■ **YOUR GOAL**
Find, in the records below, the line that contains "Hello Bitcoin users, this" and the line that contains "We start the". Copy those two lines and everything between them exactly, but not the pictures.

■ **PROVIDED INFORMATION**
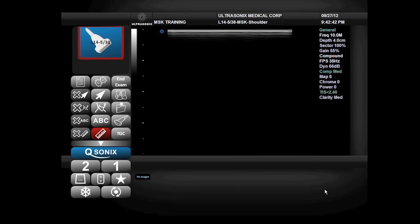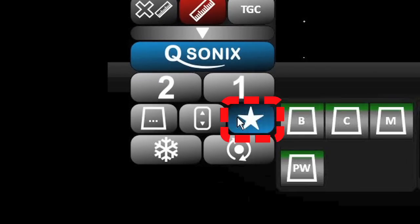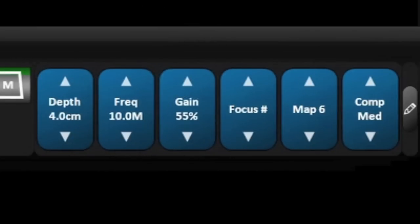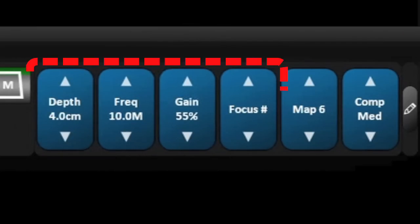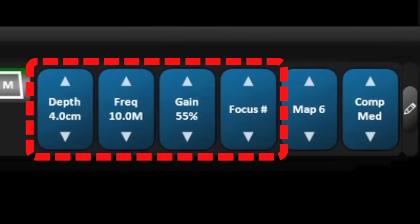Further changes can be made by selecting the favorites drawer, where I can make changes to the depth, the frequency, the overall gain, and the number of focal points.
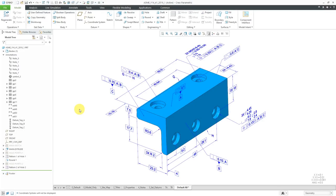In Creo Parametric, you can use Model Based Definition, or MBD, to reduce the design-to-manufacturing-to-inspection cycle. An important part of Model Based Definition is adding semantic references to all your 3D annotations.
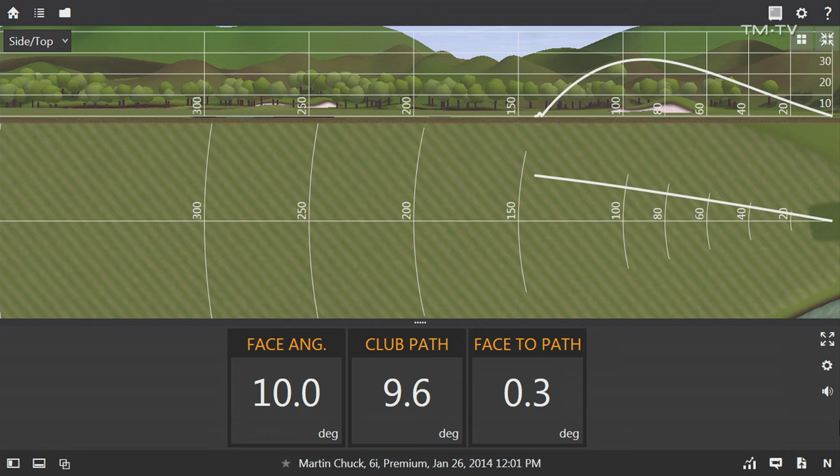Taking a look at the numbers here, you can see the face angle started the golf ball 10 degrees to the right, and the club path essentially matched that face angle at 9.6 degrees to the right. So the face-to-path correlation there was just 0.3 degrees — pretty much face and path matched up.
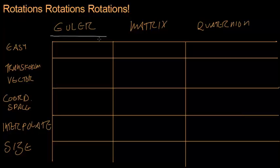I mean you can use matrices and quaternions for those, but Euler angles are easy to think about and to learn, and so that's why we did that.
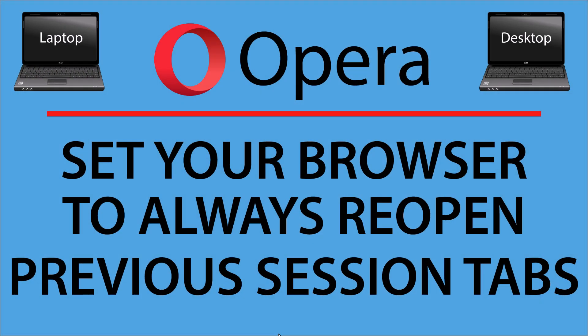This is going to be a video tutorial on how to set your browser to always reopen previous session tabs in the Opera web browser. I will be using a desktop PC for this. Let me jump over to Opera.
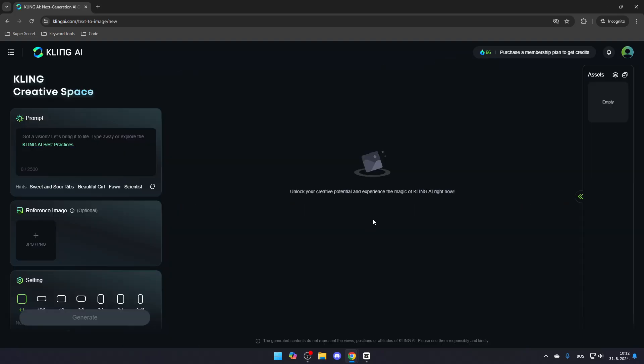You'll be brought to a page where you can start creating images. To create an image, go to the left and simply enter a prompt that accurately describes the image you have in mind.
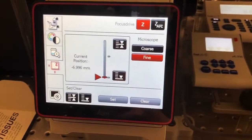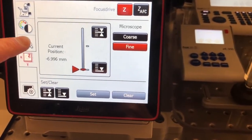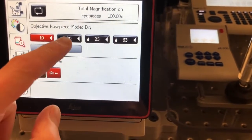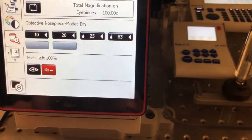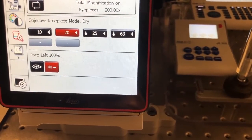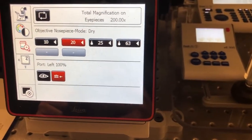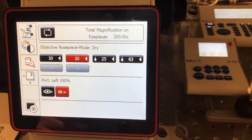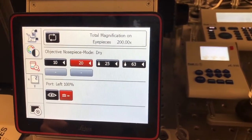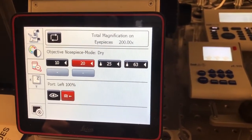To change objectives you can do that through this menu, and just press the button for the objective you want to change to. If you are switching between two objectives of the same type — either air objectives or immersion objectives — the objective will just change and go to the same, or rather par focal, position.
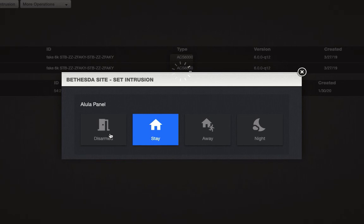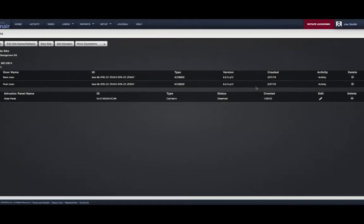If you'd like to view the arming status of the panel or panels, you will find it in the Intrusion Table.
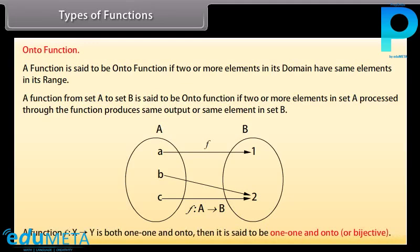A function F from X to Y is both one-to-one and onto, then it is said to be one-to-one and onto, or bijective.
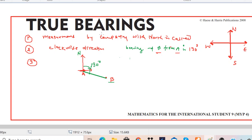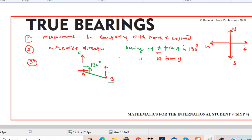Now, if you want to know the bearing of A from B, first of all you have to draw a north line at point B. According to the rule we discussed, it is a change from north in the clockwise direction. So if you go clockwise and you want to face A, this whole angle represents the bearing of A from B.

* * *

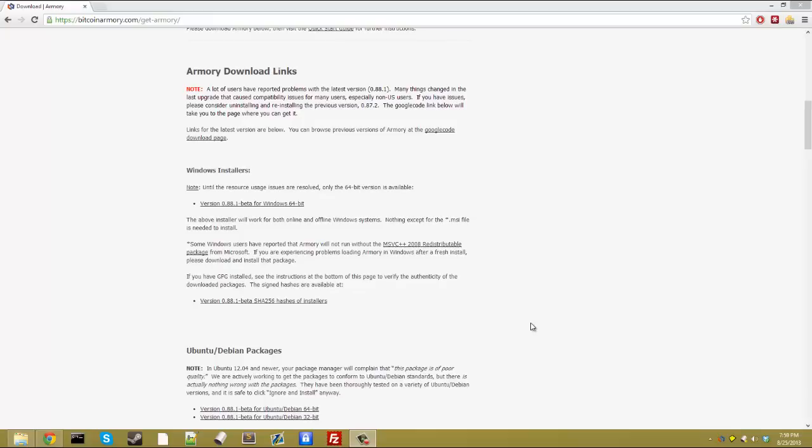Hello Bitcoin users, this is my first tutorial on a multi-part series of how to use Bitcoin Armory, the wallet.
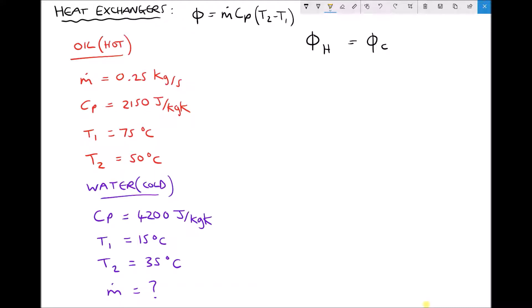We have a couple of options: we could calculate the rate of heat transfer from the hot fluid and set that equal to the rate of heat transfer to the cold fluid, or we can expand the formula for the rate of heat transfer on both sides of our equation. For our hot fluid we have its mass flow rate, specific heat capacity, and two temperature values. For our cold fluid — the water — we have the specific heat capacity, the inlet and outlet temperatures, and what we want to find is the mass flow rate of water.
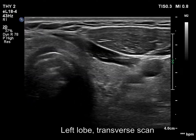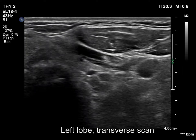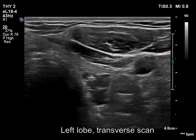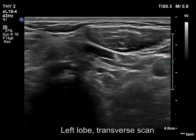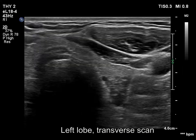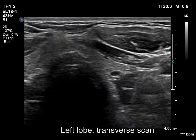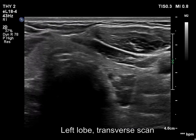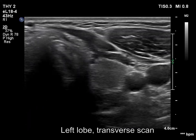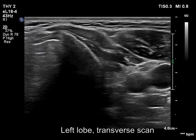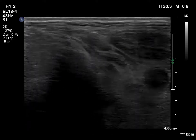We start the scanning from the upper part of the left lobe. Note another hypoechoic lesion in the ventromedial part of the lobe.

==

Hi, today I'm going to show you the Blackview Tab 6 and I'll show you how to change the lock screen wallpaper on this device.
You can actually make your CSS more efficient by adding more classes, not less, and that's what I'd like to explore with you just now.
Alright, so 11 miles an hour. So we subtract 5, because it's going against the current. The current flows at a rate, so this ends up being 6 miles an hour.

■ **YOUR SOLUTION**
Hello Bitcoin users, this is my first tutorial on a multi-part series of how to use Bitcoin Armory, the wallet.
We have a couple of options: we could calculate the rate of heat transfer from the hot fluid and set that equal to the rate of heat transfer to the cold fluid, or we can expand the formula for the rate of heat transfer on both sides of our equation. For our hot fluid we have its mass flow rate, specific heat capacity, and two temperature values. For our cold fluid — the water — we have the specific heat capacity, the inlet and outlet temperatures, and what we want to find is the mass flow rate of water.
We start the scanning from the upper part of the left lobe. Note another hypoechoic lesion in the ventromedial part of the lobe.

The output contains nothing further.